(DATASET EXTRACT)
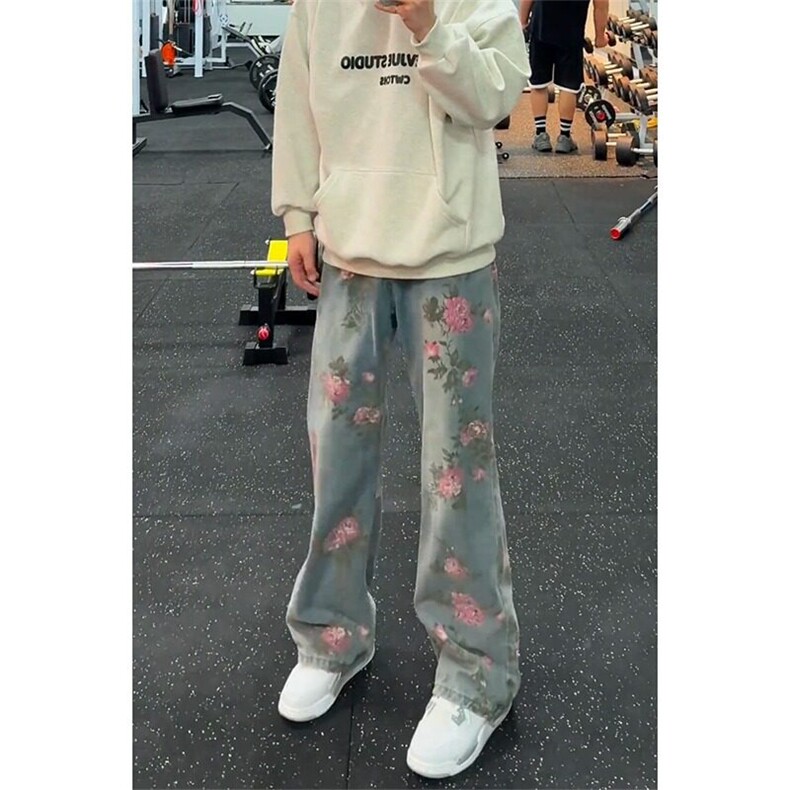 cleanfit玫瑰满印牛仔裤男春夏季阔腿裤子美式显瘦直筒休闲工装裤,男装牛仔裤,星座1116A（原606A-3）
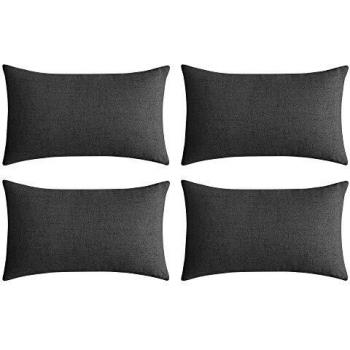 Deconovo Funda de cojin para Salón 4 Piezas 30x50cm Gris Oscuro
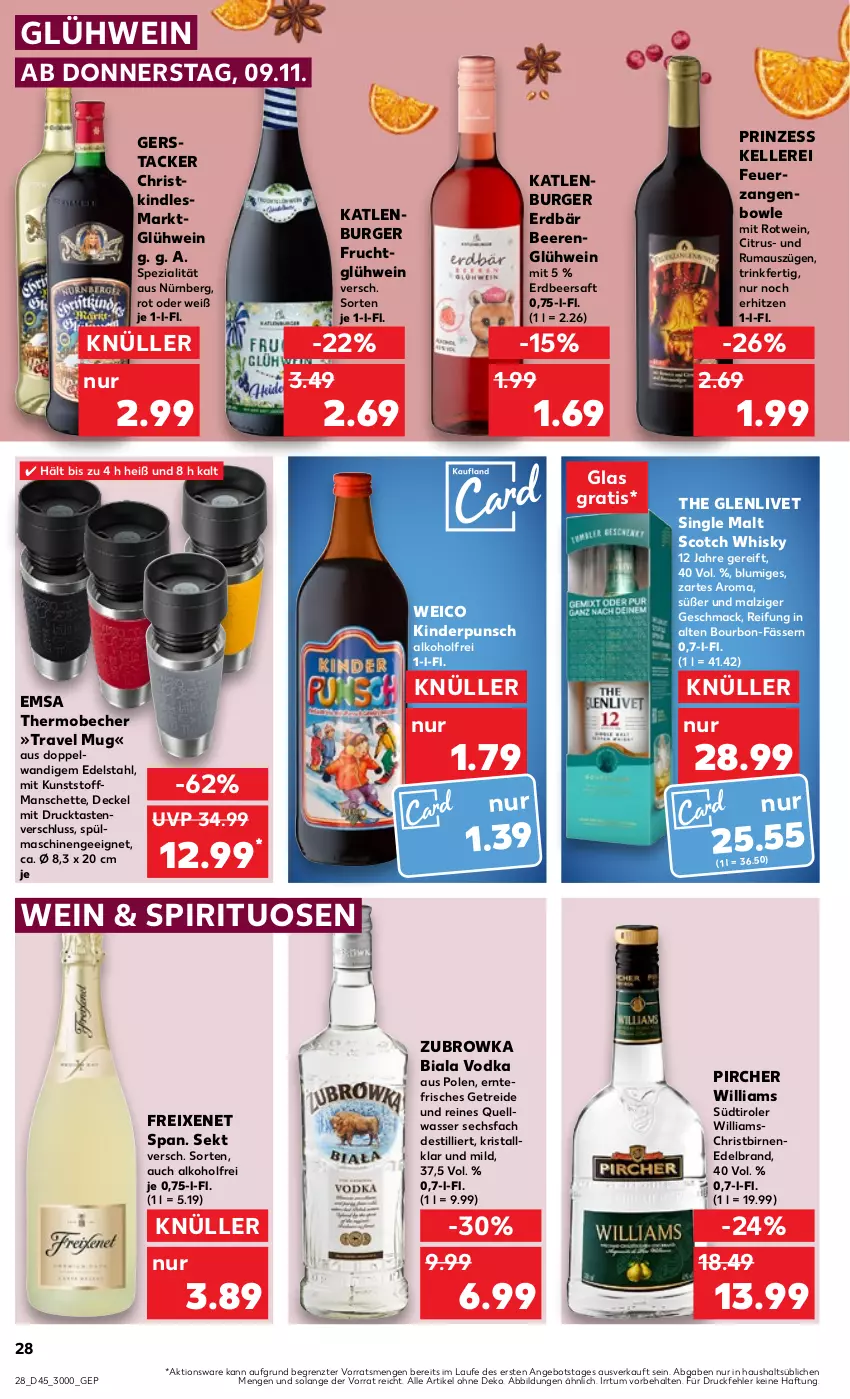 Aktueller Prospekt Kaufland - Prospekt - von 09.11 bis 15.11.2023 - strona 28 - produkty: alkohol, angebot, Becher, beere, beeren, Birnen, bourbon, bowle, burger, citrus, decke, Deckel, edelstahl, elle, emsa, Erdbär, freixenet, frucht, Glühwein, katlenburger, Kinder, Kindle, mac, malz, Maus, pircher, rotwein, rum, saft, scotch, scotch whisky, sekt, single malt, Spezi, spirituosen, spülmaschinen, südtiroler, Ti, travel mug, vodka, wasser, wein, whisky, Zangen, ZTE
(End DATASET EXTRACT)
**WHAT YOU ARE ASKED TO DO:**
This exercise calls for the complete listing, returned exactly and without images.

**SOLVED EXERCISE:**
 cleanfit玫瑰满印牛仔裤男春夏季阔腿裤子美式显瘦直筒休闲工装裤,男装牛仔裤,星座1116A（原606A-3）
 Deconovo Funda de cojin para Salón 4 Piezas 30x50cm Gris Oscuro
 Aktueller Prospekt Kaufland - Prospekt - von 09.11 bis 15.11.2023 - strona 28 - produkty: alkohol, angebot, Becher, beere, beeren, Birnen, bourbon, bowle, burger, citrus, decke, Deckel, edelstahl, elle, emsa, Erdbär, freixenet, frucht, Glühwein, katlenburger, Kinder, Kindle, mac, malz, Maus, pircher, rotwein, rum, saft, scotch, scotch whisky, sekt, single malt, Spezi, spirituosen, spülmaschinen, südtiroler, Ti, travel mug, vodka, wasser, wein, whisky, Zangen, ZTE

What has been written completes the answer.